Information Centric Analytics

 View Only

Information Centric Analytics Best Practices - Using the Integration Wizard 

Aug 27, 2019 07:49 PM

Integration Wizard Best Practices

With the Integration Wizard in Symantec Information Centric Analytics, users have the flexibility to import almost anything and everything from different data source. Though that flexibility has tons of benefits, this also poses as a risk for an ICA implementation. Importing too much data may cause all sorts of problems the most obvious of which is filling up the ICA database uneccesarily. On the other hand, importing too little may cause the risk analysis results that ICA produces to be less accurate. This article explains what and how much data should be imported and other related items.

What to import

While it is obvious that data being imported should have a purpose in ICA, it is not the case when choosing the specific kind of data. There are a few questions that you should be asking yourself to help answer the question of “Should I import this data?”

  • Can I map this data to an ICA entity?
  • Does the data add value to determining the risk of entities in ICA?
  • Does the data contain elements that can associate it to a source and/or destination?

The questions above are the first step in considering which pieces of data to import. Once those questions have been answered, you can proceed with the specifics for each type of data.

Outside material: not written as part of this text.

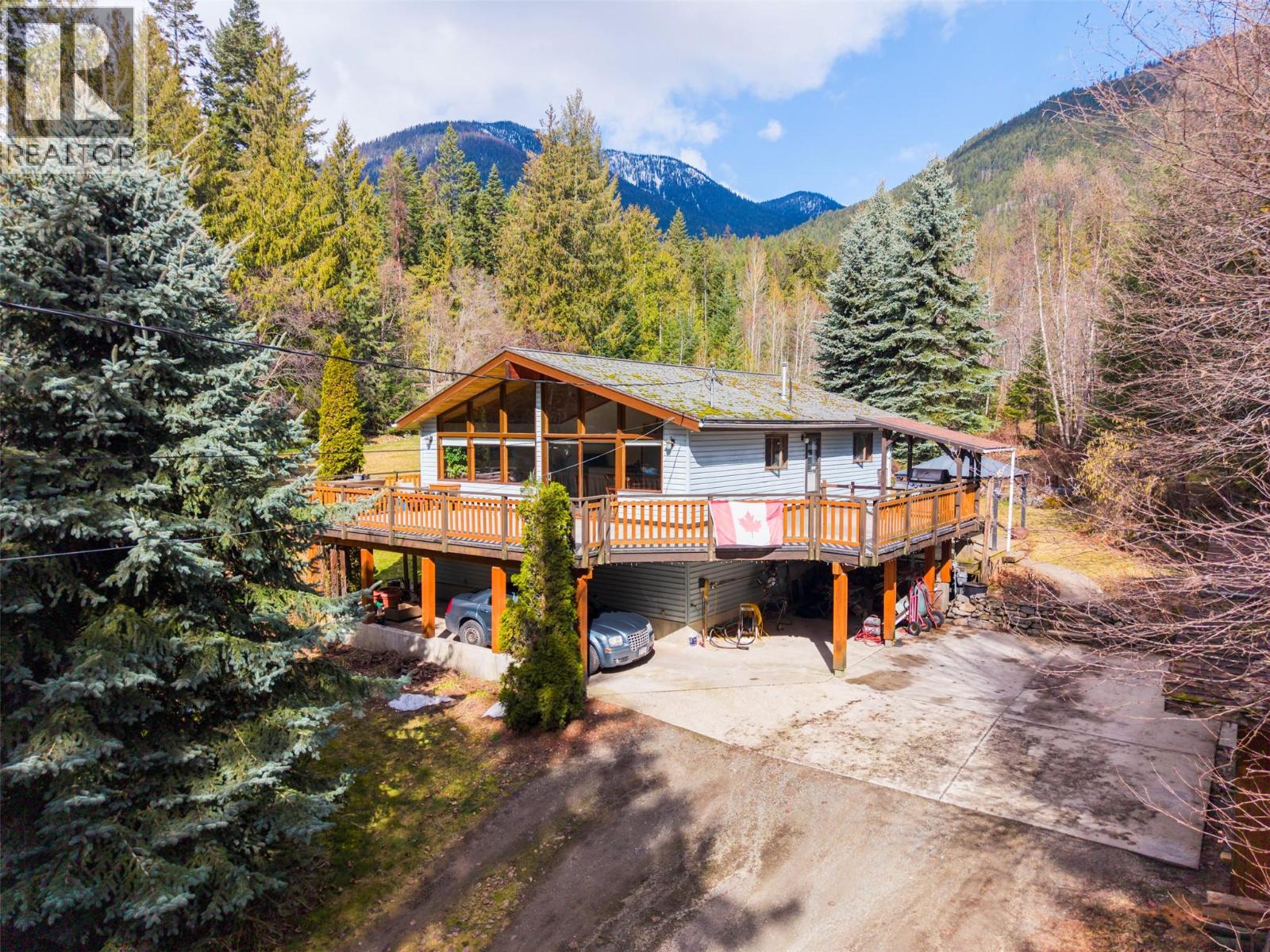 7077 Beggs Road, Nelson, British Columbia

Below are some guidelines and best practices that we have collected from the various implementations we have done.  Note that the information below is more useful for when you have to configure a custom integration wizard import and may not apply to imports done through out-of-the-box integration packs.

Computer Endpoints, IPs, Users/Persons/Organizations, Applications

With any of these base entities in ICA, always consider going to an authoritative data source. For example, for computer endpoints and users/persons/organizations, a good candidate for the source for importing these entities include Active Directory, asset management databases or CMDBs as well as HR databases for users/persons and organizations, most especially, organization hierarchy.

Authentication Events

IMPORTANT NOTE: All authentication events, failed and successful, may contribute to an entity’s risk rating.  However, capturing all authentication data, most especially if you have several sources to pull from, may cause excessive data import.  If authentication data imported needs to be limited, start by filtering out generic local user accounts that may generate a lot of noise. Next, look for events that may be authentication-related but not necessarily login successes and failures.  If you need to trim the authentication events further and have several different sources and authentication types, consider limiting the events to only ones coming from Windows and/or Unix and Linux systems.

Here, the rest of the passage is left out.